Kasperi Kapanen is no stranger to scoring critical goals at critical times – over the years he’s done it everywhere, from the World Juniors to the NHL playoffs. In this postseason, the Maple Leafs’ winger would settle for anything that finally gets him on the scoresheet.
Three games in to Toronto’s first-round Stanley Cup playoff series against the Boston Bruins, Kapanen is the only Leafs forward to have played in every contest without registering a single point.
It’s a baffling statistic considering the rookie has had no trouble generating chances in the form of multiple breakaways; he just can’t engineer any results.
“I’m just unlucky right now,” Kapanen said after Leafs’ practice on Wednesday. “I hope [it changes]. I’ve had a lot of chances; hit a lot of posts. Hopefully it just starts going in soon. I hit the post once [on a short-handed breakaway] and the other time the puck was rolling a bit so I didn’t get to do what I wanted. I’m doing something right, obviously.”
With a critical Game 4 looming on Thursday, the stars could be aligning once again for Kapanen to earn his moment. The Leafs trail Boston 2-1 in the best-of-seven series, and evening things up at home before shifting back to Boston is the top priority.
Most of the talk after Game 3 has swirled around the Leafs’ top-six forwards, but it’s Toronto’s depth of forward talent that has the potential to outmatch Boston’s. That’s what happened last April, when Kapanen and the fourth line combined to score the double-overtime game-winner against Washington to knot their first-round series 1-1.

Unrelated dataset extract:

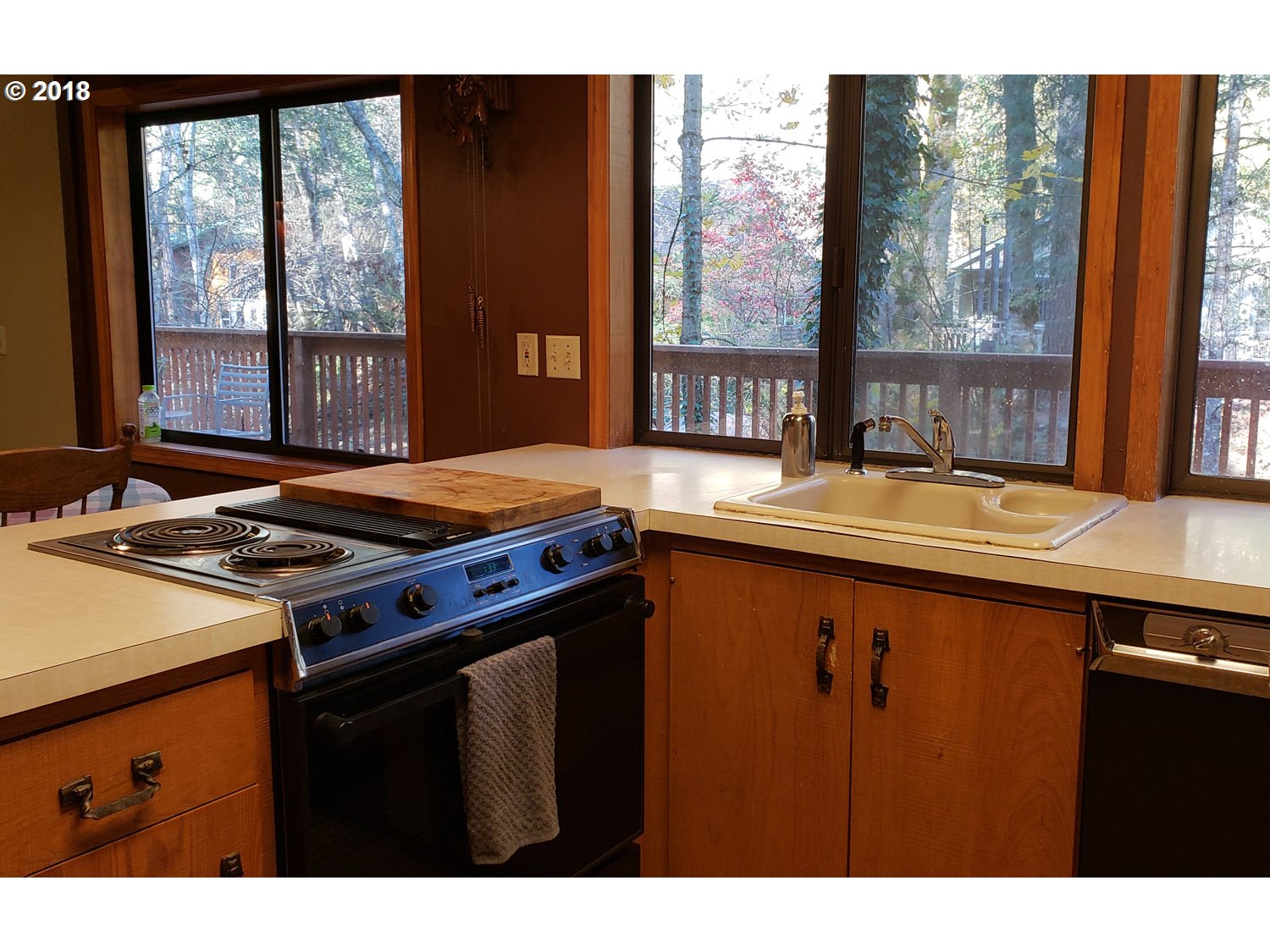 65707 East Barlow Trail Road Rhododendron, OR 97049 - Photo 14 of 32 a kitchen with a stove and a sink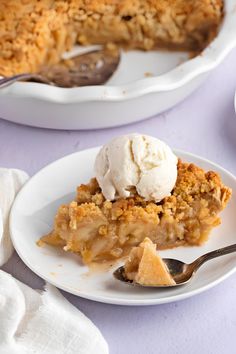 a slice of pie on a plate with a scoop of ice cream next to it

It was only one game – and the Leafs ultimately dropped that series to the Capitals – but the 21-year-old well remembers his most famous professional goal and the impact it had. Playing on a fourth line now that includes Dominic Moore and Andreas Johnsson, Kapanen would like nothing more than to recreate a goal that special when the Leafs need it most.
And if anyone in Toronto’s lineup is due, it’s him.
“Obviously I feel more comfortable in my game now, but the excitement is the same [as last spring]. I love playoffs,” he said. “I’ve been trying to use my speed to get off the defenders a little and try to surprise them, maybe get them standing still, and if there is a turnover, I try to pounce on that pretty quick.”
The fourth line’s assignment isn’t tailored towards generating offence, which has made Kapanen’s ability to maximize his ice time so noticeable. He’s averaging 10:07 per game at even strength while tied for the most defensive-zone faceoffs among Leaf forwards (16, compared to four in the offensive zone), making opportunities in the Bruins’ end scarce and contributing to Kapanen’s team-worst minus-4 rating.
With Moore returning to centre the fourth line in Game 3, Kapanen had his best outing of the series and looked dangerous whenever that group had control of the puck. At least from Johnsson’s perspective, it’s only a matter of time now before Kapanen cracks the scoresheet.
“If you put the puck in the right spot for him, he’s flying and he’s getting those breakaways,” said Johnsson. “We’re pretty small guys so you can’t really stay still and battle. As long as we have the speed, we can beat them. [Moore] knows we want to go fast and get up on offence, so he’s taking a bigger step in the defensive zone.”
“I think he’s been real good,” added Mike Babcock of Kapanen. “He’s doing a lot with the ice time he’s given. He’s got to shoot the puck, skate like crazy, be physical on the forecheck…when Kappy is physical and he’s competing and he’s flying, I think he’s real effective.”
When the puck isn’t going in for him, Kapanen said he doesn’t change too much, nor does he make more calls to his ex-NHLer dad Sami in search of tips or tricks of the trade. The key to finding the back of the net will lie for Kapanen, as it often does, in doing the right work in front of it.
“You have to take care of the puck in your own zone, but once we get the puck, we’re trying to make plays,” he said. “I’m trying to be physical and be on their [forwards] and get pucks back, so that’s my job and I just have to be better at that in Game 4.”
Only time will tell if the Leafs need any late-game heroics to get them through the tilt. But in its current predicament, Toronto is preparing for the most high-paced, bone-rattling outing of the playoffs thus far come Thursday, where every scoring chance (buried or not) could be the difference.
“We’re playing Game 4 tomorrow, and we need a win,” Babcock said. “I think we’re in a real good spot, I think this will be the most competitive game in this series. Obviously they’re going to be ready to play. Any time you don’t win, you want to bounce back hard. We expect their best game for sure.”